The next morning, Pittman took his climber, his bow and his son’s single-shot, 7mm-08 to a travel corridor between his club’s land and the adjacent property where the giant had been seen most often.

Created by an oxbow lake, the funnel connects large woodlots on each side of the property line. Pittman hung the rifle on a screw-in bow-hanger, while he held his bow.

Despite a heavy fog at daybreak, Pittman saw a few does and a small buck. Around 9:30, he heard an ATV approaching. Soon afterward, he saw three does heading his way.

About 10:00, he watched three bucks chase does through a clear-cut about 100 yards distant.

“The first buck was a tight-racked 8-pointer,” he said. “The second was a spike, and the third a 7-pointer.”

Pittman then heard a deep-sounding grunt off to his left.

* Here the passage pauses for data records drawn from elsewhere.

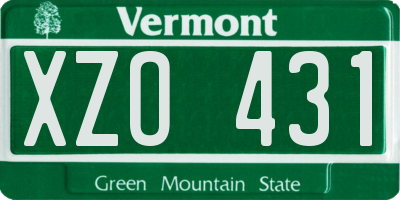 VT license plate XZO431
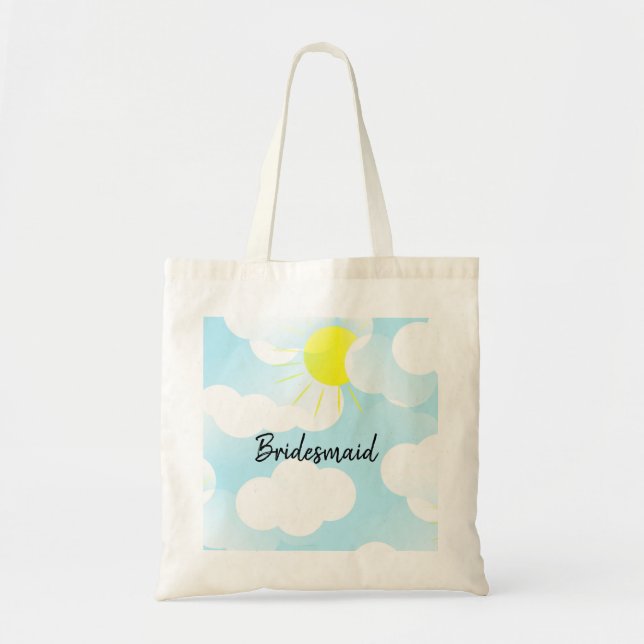 Bolsa Tote Sunny Blue Summer Sky com Nuvens Nome de Bridesmai (Frente)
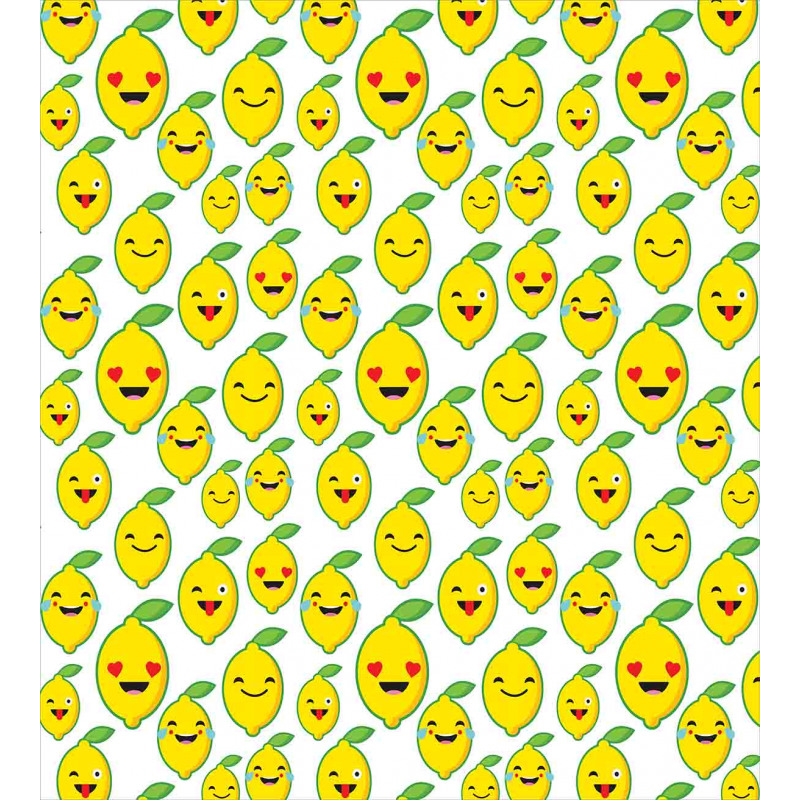 Cartoon Lemon Emoticons Duvet Cover Set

“When the 7-pointer looked back where the sound originated, I followed its gaze and spotted this monster buck coming from the clear-cut at only 60 yards,” he continued.

Choosing Eenie over Meenie“Suddenly, a doe took off, and instantly the three bucks ran toward her. The monster buck sped to cut off the doe.

“I bleated with my mouth call and came to full draw, but the buck didn’t slow down,” he added.

Realizing there would be no opportunity for a bow shot, Pittman traded his stick and string for the rifle, which is why he’d carried it. He then found an opening the big buck might pass through at 75 yards and leveled the crosshairs about where the buck’s shoulder would appear.

When the deer entered the zone, he squeezed the trigger.

“I could instantly see I hit it, because the deer was running on three legs,” Pittman said. “I reloaded while the buck ran another 50 yards. I took a second shot when it stopped.

“Instead of continuing straight ahead, the buck whirled around and started running back the way it had come. I reloaded again and took a third shot when it was at the edge of the clear-cut.

“It vanished after that.

“I was shook up, although I’m an experienced deer hunter. I was like a youngster who’d taken his first deer, shaking like a leaf,” he said.

Two club members soon appeared to see who had shot and if any help was needed. Pittman hollered to them, but he had to sit in his stand for 15 minutes before he could descend the tree safely.

“My friends helped me find the blood trail,” he said. “The buck was headed in the direction of private land inside the boundary of our hunting club that was owned by three individuals. I called them and got permission to cross their lands and look for my buck, if the blood trail went in that direction.”

Some of Pittman’s good friends, Jason and Chad Smith, had deer-tracking dogs. They agreed to bring them to help him find his buck when they got off work at dark.

Word of Pittman’s deer spread quickly. Soon, people began arriving at the club to hear the story and see the buck.

Pittman was nervously walking back and forth, waiting on the Smiths to arrive. These men and their dogs recovered more than 36,000 inches of antlers during the 2016 deer season.

“When Jason and Chad arrived with their Labrador retriever and black mouth cur, we put the dogs on the blood trail,” Pittman said.

The dogs bayed the deer about 255 yards from where the blood trail ceased. It had fallen into a hole.

“Once I put my hands on the deer’s antlers, I knew this was the buck I’d seen trail camera pictures of and had found his 2015 shed antlers.”

Incidentally, Pittman took the big buck he’d been bowhunting on his property one week later. It scored 172 1/8 inches as a 4x5.